In my four-part posts on the emerging markets, I suggested that one reason for caution on those markets longer term is that the development model for emerging societies may be breaking down. (“Submerging Markets, Part 2” post of 8/1/13.) That model, which has worked nicely since the Industrial Revolution, relies on the fact that capital is much more mobile than labor. Thus, capital tends to flow from wealthy developed societies, where labor is expensive, to poor emerging societies where labor is cheap.

But as the labor component of just about everything declines into invisibility, this model breaks down. There is no reason to build steel in China and then ship it halfway around the world to the US if the labor costs involved in making steel are minimal.

As I was writing that post my heart was going out to struggling people in the Third World, people who wanted desperately to improve their lives but whose employment options were being slowly eliminated by machines. I finished that post and went on to other matters, it never once having occurred to me that my thesis might also apply to me.

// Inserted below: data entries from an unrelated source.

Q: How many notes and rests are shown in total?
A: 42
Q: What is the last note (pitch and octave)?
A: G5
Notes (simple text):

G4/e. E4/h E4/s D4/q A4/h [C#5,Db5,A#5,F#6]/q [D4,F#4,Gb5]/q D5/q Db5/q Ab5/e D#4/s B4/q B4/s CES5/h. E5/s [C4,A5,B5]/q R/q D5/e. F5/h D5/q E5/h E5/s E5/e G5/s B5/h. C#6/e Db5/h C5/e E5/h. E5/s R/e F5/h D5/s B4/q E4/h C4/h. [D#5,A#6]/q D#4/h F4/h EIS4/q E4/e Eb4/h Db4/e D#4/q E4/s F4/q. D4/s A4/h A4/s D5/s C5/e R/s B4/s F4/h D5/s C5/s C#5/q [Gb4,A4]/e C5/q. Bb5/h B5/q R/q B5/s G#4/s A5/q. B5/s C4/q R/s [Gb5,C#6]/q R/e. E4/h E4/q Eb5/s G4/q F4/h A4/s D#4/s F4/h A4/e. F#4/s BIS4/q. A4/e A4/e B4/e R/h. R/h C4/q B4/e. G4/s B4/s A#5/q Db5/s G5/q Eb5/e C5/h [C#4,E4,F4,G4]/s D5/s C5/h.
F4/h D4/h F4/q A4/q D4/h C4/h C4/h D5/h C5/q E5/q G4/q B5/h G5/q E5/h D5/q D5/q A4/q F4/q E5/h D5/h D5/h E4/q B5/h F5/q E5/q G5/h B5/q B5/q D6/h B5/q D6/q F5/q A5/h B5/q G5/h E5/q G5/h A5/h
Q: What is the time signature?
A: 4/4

Indeed, if someone had suggested that your humble scrivener could be replaced by a machine I would have laughed in his face. “Ha, ha, ha!” I would have said. “You have obviously forgotten that you are speaking to the top of the food chain, my friend, an alpha competitor before whom mere machines shrink in terror!”

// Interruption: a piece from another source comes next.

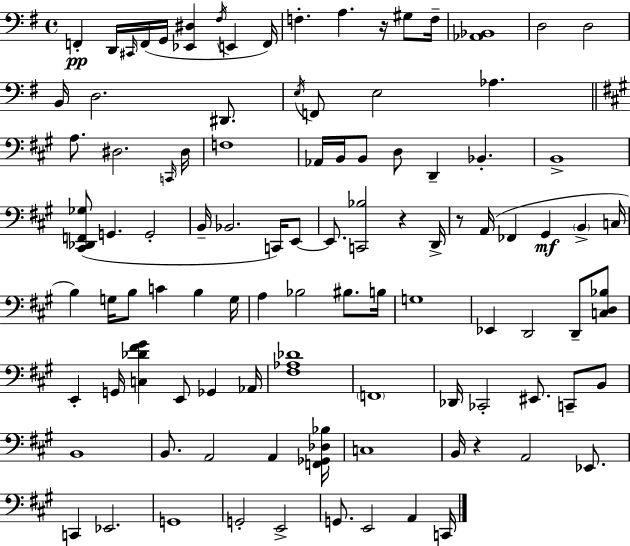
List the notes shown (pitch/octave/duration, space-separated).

F2/q D2/s C#2/s F2/s G2/s [Eb2,D#3]/q F#3/s E2/q F2/s F3/q. A3/q. R/s G#3/e F3/s [Ab2,Bb2]/w D3/h D3/h B2/s D3/h. D#2/e. E3/s F2/e E3/h Ab3/q. A3/e. D#3/h. C2/s D#3/s F3/w Ab2/s B2/s B2/e D3/e D2/q Bb2/q. B2/w [C#2,Db2,F2,Gb3]/e G2/q. G2/h B2/s Bb2/h. C2/s E2/e E2/e. [C2,Bb3]/h R/q D2/s R/e A2/s FES2/q G#2/q B2/q C3/s B3/q G3/s B3/e C4/q B3/q G3/s A3/q Bb3/h BIS3/e. B3/s G3/w Eb2/q D2/h D2/e [C3,D3,Bb3]/e E2/q G2/s [C3,Db4,F#4,G#4]/q E2/e Gb2/q Ab2/s [F#3,Ab3,Db4]/w F2/w Db2/s CES2/h EIS2/e. C2/e B2/e B2/w B2/e. A2/h A2/q [F2,Gb2,Db3,Bb3]/s C3/w B2/s R/q A2/h Eb2/e. C2/q Eb2/h. G2/w G2/h E2/h G2/e. E2/h A2/q C2/s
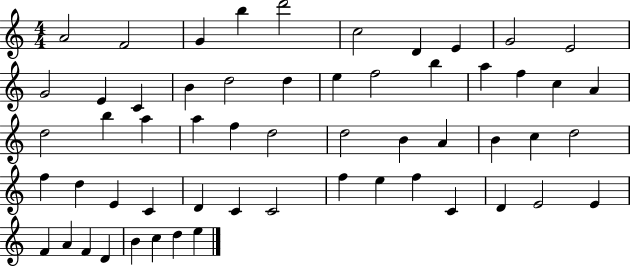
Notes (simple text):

A4/h F4/h G4/q B5/q D6/h C5/h D4/q E4/q G4/h E4/h G4/h E4/q C4/q B4/q D5/h D5/q E5/q F5/h B5/q A5/q F5/q C5/q A4/q D5/h B5/q A5/q A5/q F5/q D5/h D5/h B4/q A4/q B4/q C5/q D5/h F5/q D5/q E4/q C4/q D4/q C4/q C4/h F5/q E5/q F5/q C4/q D4/q E4/h E4/q F4/q A4/q F4/q D4/q B4/q C5/q D5/q E5/q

Oh, sure, I was aware that some stupid machine with the ridiculous name of “Watson” (why not “Holmes?”) had beaten the Jeopardy champions on television. Big deal. All Watson was was a huge database(1) along with a processor that could search the database quickly. Ask me if I’m impressed.

Then there was that other ridiculous machine named Deep Blue  (why not “Deep Purple?”) who beat Gary Kasparov in a chess match. So? What is chess but a fancy version of Jeopardy? A grandmaster like Kasparov differs from my son, who was the Pennsylvania 3rd Grade Chess Champion, only in that Kasparov has seen a lot more games. He knows instantly when someone is mounting the Sicilian Defense or responding with the Alapin Variation. Once he knows that, he knows what the next ten moves have to be.

So all Deep Blue is doing is “memorizing” tens of thousands of chess patterns and board positions, just like a grandmaster. Deep Blue had a big advantage over Kasparov because the latter couldn’t just concentrate on the game – Kasparov had to think about whether, if he lost, he would get sent to Siberia. All Deep Blue had to worry about was that Kasparov might lean over and pull the plug, shouting, “Шах и мат вы заросшие логарифмической линейкой!”(2)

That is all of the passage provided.